Supplied data.
=== Section Start ===
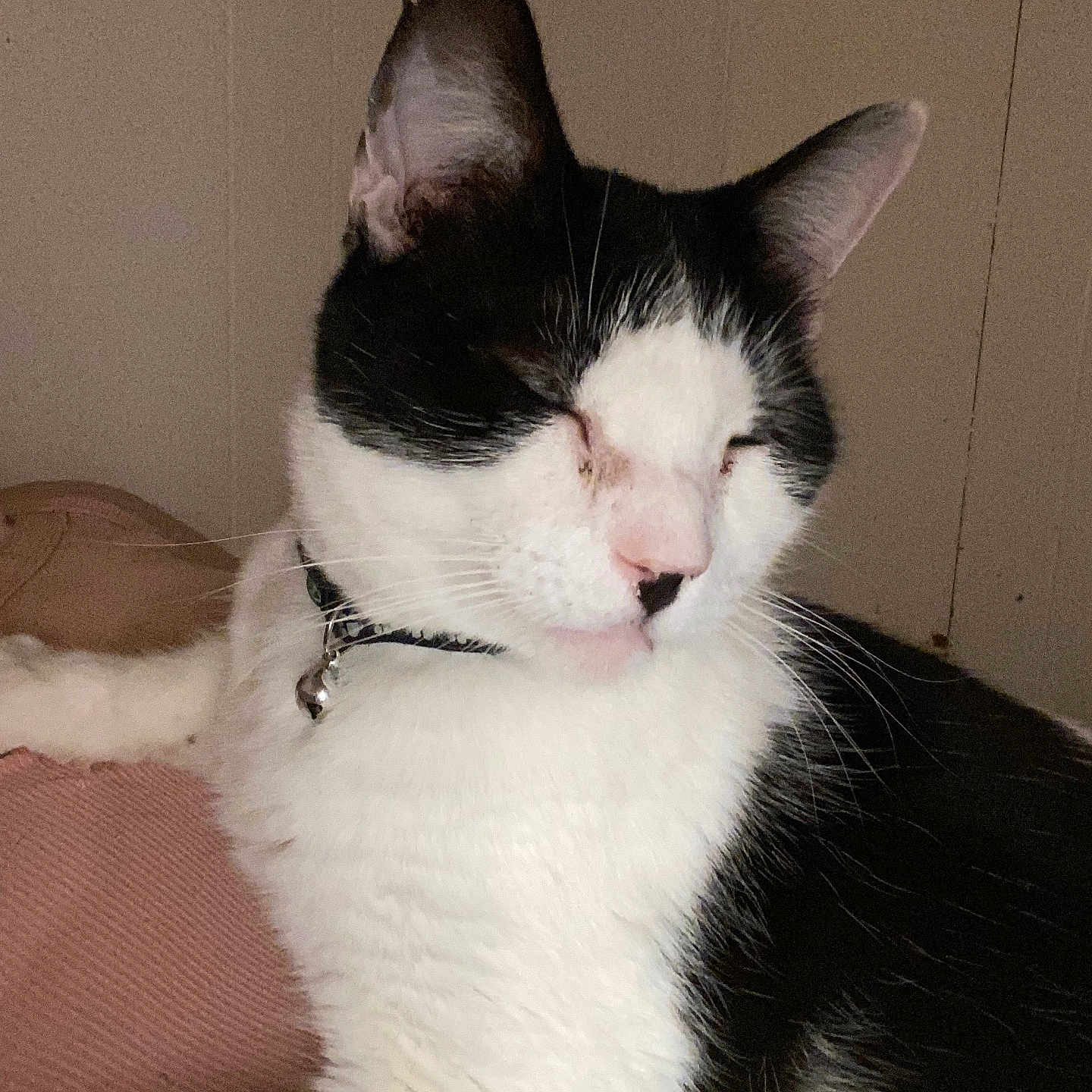 Domino Kirkland joined the competition — help win amazing prizes! abyssinian, accessories, angora, animal, cat, collar, couch, cushion, furniture, glasses, homedecor, indoors, kitten, manx, person, pet, sleeping, snout, strap, white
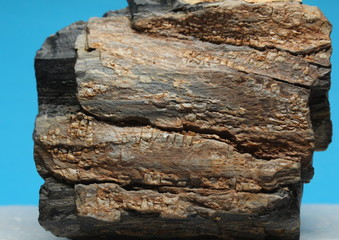 Close up of the bark of an ancient tree fossil.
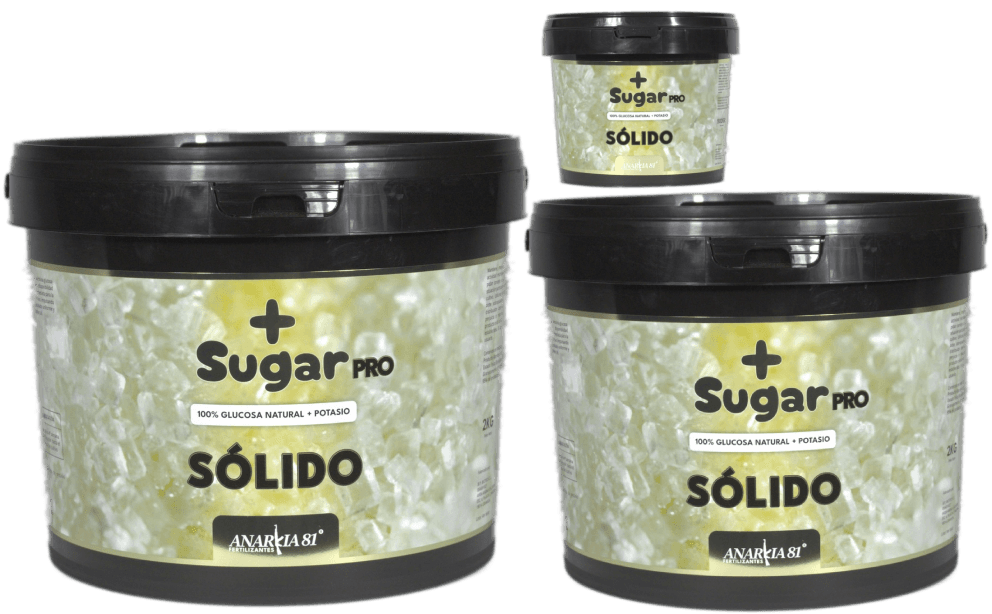 + SUGAR PRO FEST — 4 kg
=== Section End ===
Work to be completed. With the pictures omitted, copy exactly the lines from the line that contains "Close up of" through the end of the material.

Completed task.
 Close up of the bark of an ancient tree fossil.
 + SUGAR PRO FEST — 4 kg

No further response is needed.